According to the inaugural FitSmallBusiness study, Black entrepreneurs have a lot to celebrate. In 2018, the top 100 Black owned companies generated $30 billion. From 2007 to 2012, the number of Black owned firms increased 34 percent, there are now over 2.6 million in the country. The message is clear: Black entrepreneurs and Black people are beginning to see the need for strong Black firms. There is one small problem, however, and that is Black consumers haven’t caught up to the entrepreneurs in the community.
The U.S. economy is expected to reach $22.32 trillion in 2020. $30 billion– even $300 billion– isn’t all that much, frankly, in the grand scheme of things. Black owned businesses must generate more and to do so, it will require Black consumers to adopt a more militant approach to spending.
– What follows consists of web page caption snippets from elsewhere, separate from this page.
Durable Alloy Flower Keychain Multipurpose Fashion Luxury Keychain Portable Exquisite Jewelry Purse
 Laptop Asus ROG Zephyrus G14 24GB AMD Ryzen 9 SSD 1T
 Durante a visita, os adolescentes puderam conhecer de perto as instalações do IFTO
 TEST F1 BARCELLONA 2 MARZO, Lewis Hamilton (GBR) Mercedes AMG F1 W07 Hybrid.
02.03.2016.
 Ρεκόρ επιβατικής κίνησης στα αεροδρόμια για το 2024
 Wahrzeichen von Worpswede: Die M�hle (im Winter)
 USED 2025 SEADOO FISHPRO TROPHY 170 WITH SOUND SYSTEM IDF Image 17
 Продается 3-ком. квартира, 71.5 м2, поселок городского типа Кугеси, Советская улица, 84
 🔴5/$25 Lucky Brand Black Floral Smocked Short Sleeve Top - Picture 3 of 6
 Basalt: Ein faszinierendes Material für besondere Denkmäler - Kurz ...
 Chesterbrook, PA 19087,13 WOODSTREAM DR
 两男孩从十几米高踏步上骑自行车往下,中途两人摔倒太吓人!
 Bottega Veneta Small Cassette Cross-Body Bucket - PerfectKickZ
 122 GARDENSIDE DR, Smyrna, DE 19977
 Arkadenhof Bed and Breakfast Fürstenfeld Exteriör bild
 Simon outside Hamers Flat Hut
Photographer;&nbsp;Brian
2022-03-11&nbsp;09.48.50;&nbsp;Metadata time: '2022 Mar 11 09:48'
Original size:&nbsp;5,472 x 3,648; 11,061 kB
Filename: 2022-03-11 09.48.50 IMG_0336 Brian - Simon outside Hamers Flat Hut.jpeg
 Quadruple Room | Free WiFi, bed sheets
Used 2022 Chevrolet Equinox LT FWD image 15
That “militancy” doesn’t require dramatic actions or deprivation, as our 2020 Blueprint campaign demonstrates (click here for this month’s installment). Black consumers must take small actions, collectively and daily, in order to begin shifting dollars from “them” to “us.” Black people are spending the money, it’s just a matter of where and with whom.
Walmart, the largest employer in the country, is expected to take in $344 billion in revenue in the U.S. alone, this year. Walmart’s customer base is over ten percent Black so presumably, Black people are spending billions of dollars in Walmart. For every ten products Black consumers are buying at Walmart, the goal should be to find at least one that can be purchased from a Black owned company. Will it be convenient? No. Will it always be cheaper or easier? No and no. The question that must be answered, however, is when has freedom ever been free or convenient? Nothing in the history of Black people would suggest that progress is convenient or easy. Based on that history, then, Black people shouldn’t expect things to come easy in the future.
The top 100 Black owned firms are generating $30 billion annually and that’s certainly a great distance from chattel slavery. Still, there is so much more potential for growth and progress. That progress, however, will largely depend on the discipline of Black consumers. $1 trillion, $2 trillion, Black consumers will decide how high we climb and how far we will go.